L’Occident, par ce décalage de puissance, par l’hégémonie qui en résulte, crée donc, et de manière paradoxale, les conditions d’un rééquilibrage. Cependant, ce nationalisme ne peut s’appliquer en tout lieu de la même manière. L’usage généralisé qui a été fait, au XXe siècle, de ce concept issu d’une histoire des idées politiques singulière, celle de l’Europe occidentale, donne nécessairement lieu à de nouveau décalages…

En effet. Les Etats-nations issus de l’effondrement des empires, anciens ou modernes, furent souvent des constructions boiteuses où la construction d’identités communes ont nécessité l’occultation de pans entiers de l’histoire par les récits officiels, l’épuration ethnique ou religieuse et la sacralisation de frontière arbitraires.
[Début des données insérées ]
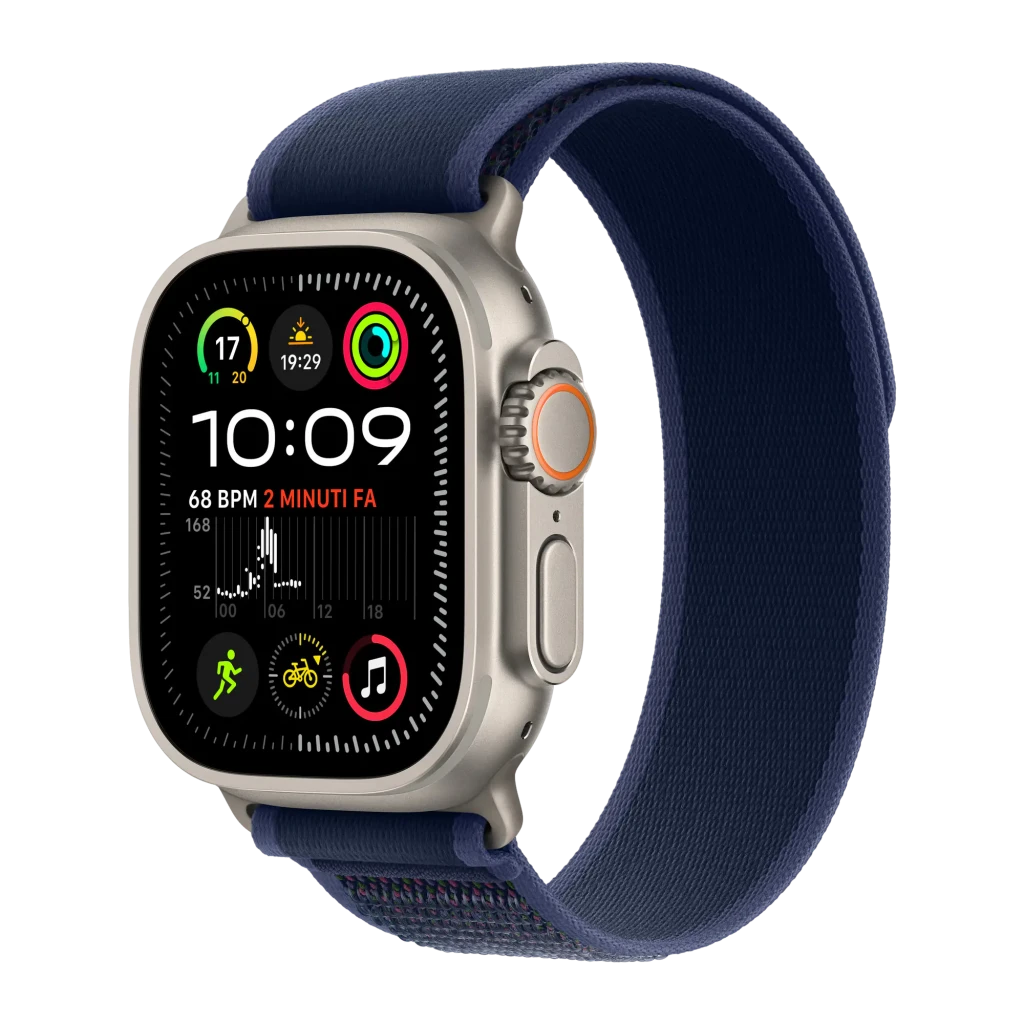 Apple Watch Ultra 2 49mm GPS + Cellular Titanio LTE NFC
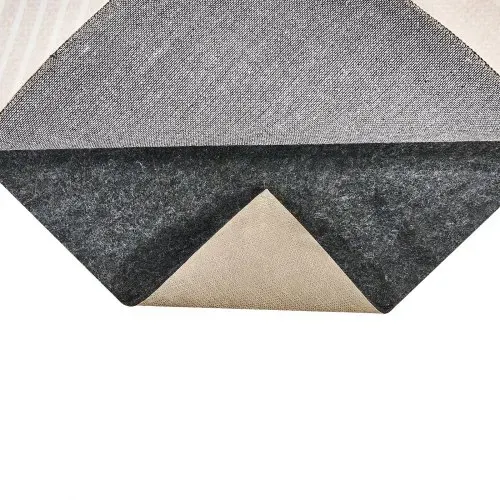 VEVOR Teppichbelag, 244x306cm, Teppichfliesen, schützende Polsterung aus Gummi für Teppiche, 0,6cm dick – Anti-Rutsch-Matte aus Filz mit doppelter Oberfläche, Bodenbelag, sicher für alle Böden, grau – Bild 10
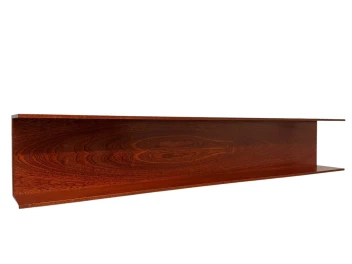 Mid-Century Modern Wall Mounted Shelf by Walter Wirtz for Wilhelm Renz, 1960s 3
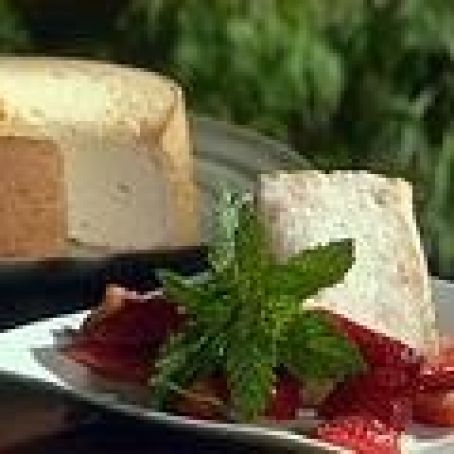 Angel Food Cake with Fresh Berries and Strawberry Coulis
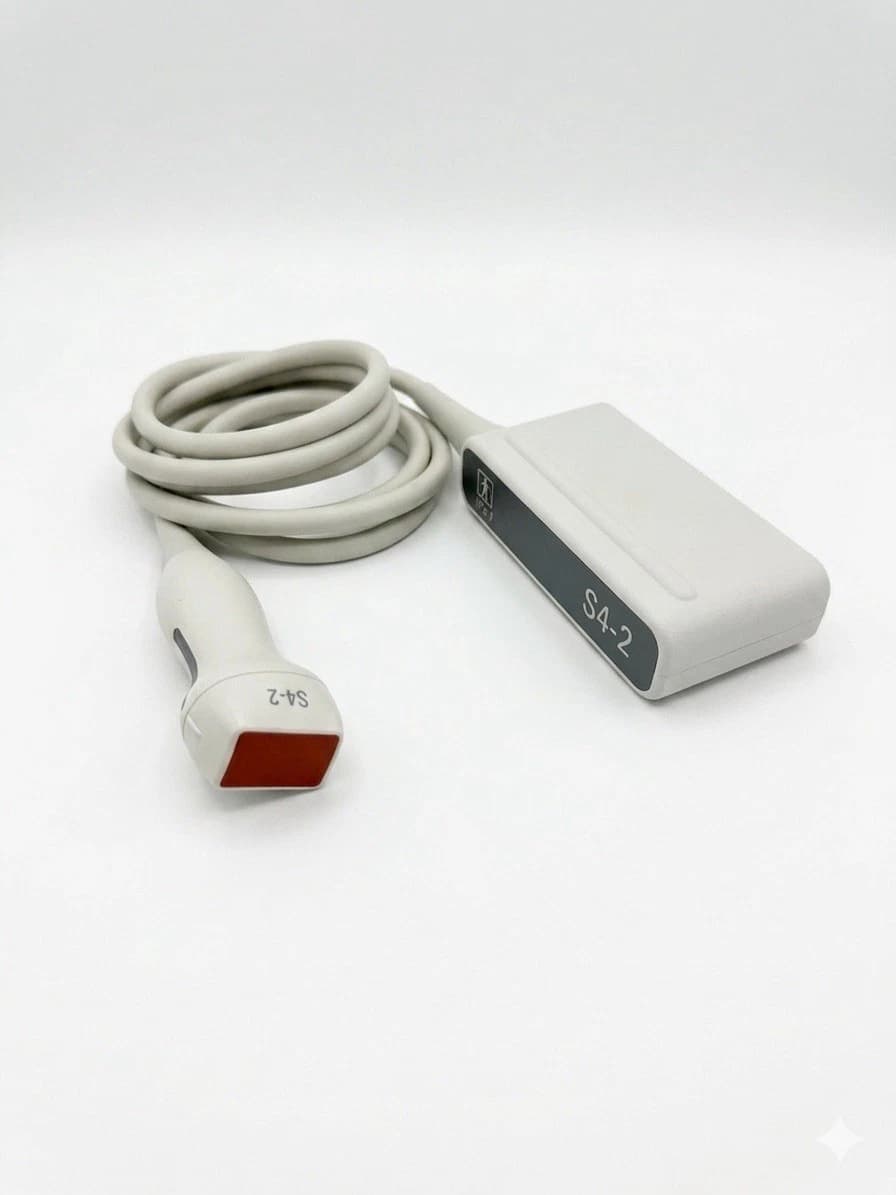 Philips ClearVue S4-2 Cardiac Ultrasound Probe for ClearVue 350, 550, 650 and 850 Systems – Broadband Sector Array Transducer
Le caractère précaire de certaines de ces constructions nous apparaît avec force et cruauté en Syrie mais les exemples tirés de l’histoire récente sont innombrables. Les frontières tardivement tracées sont souvent restées poreuses, surtout là où elles prétendaient pouvoir trancher au milieu d’ensemble démographiques et culturels cohérents. C’est le cas de la ligne Durand qui après avoir séparé l’Inde britannique de l’Afghanistan marque la frontière entre ce dernier et le Pakistan, en plein pays pashtoune, servant de centre de gravité à l’AfPak, un des foyer d’instabilité de l’espace mondial.

Avatar de la modernité politique, la suprématie de l’Etat nation est-elle donc vouée à prendre fin en même temps que la domination occidentale qui l’a consacrée ?

Les constructions stato-nationales sont bancales. Les Etats ne sont plus les seuls acteurs des relations internationales. Milices, mercenaires, réseaux intégristes, grand groupes industriels, financiers et criminels : une foule d’entités privés les concurrencent en jouant à plein des outils de la mondialisation. Cependant il ne faut pas sous-estimer les capacités de résilience des structures étatiques. Aussi artificielles soient-elles, elles profitent toujours à ceux qui les contrôlent et captent par elles des ressources. Mais plus encore, les Etats restent, sans qu’en face d’eux se présentent d’opposition sérieuse les véritables détenteurs de la puissance.

L’analyse classique des relations internationales qu’on a voulu enterrer un peu rapidement a donc de l’avenir ?

Absolument. Il n’y a qu’à voir le jeu qui se met aujourd’hui en place entre Washington et Pékin. Les Etats-Unis se sont repositionnés vers l’espace asiatique où la Chine est dominante. Ils peuvent compter dans leur stratégie sur des acteurs moins puissants qui redoutent l’hégémonie chinoise. Cela implique le Japon, allié devenu traditionnel qui est voué à se droitiser et à affirmer sa puissance de manière plus décidée sur le plan militaire mais également le Viêt-Nam qui est prêt à collaborer avec Washington malgré le poids de l’histoire ainsi que la Birmanie, en pleine transition qui ne veut plus être tributaire de Pékin. On retombe sur des structures finalement très classiques. Quand un acteur devient trop puissant ceux qui l’environnent cherchent le soutien d’une puissance extérieure pour le contrebalancer. Les relations internationales restent et seront toujours mues par l’intérêt des Etats. Le pragmatisme a donc de l’avenir et la géopolitique classique, de beaux jours devant elle.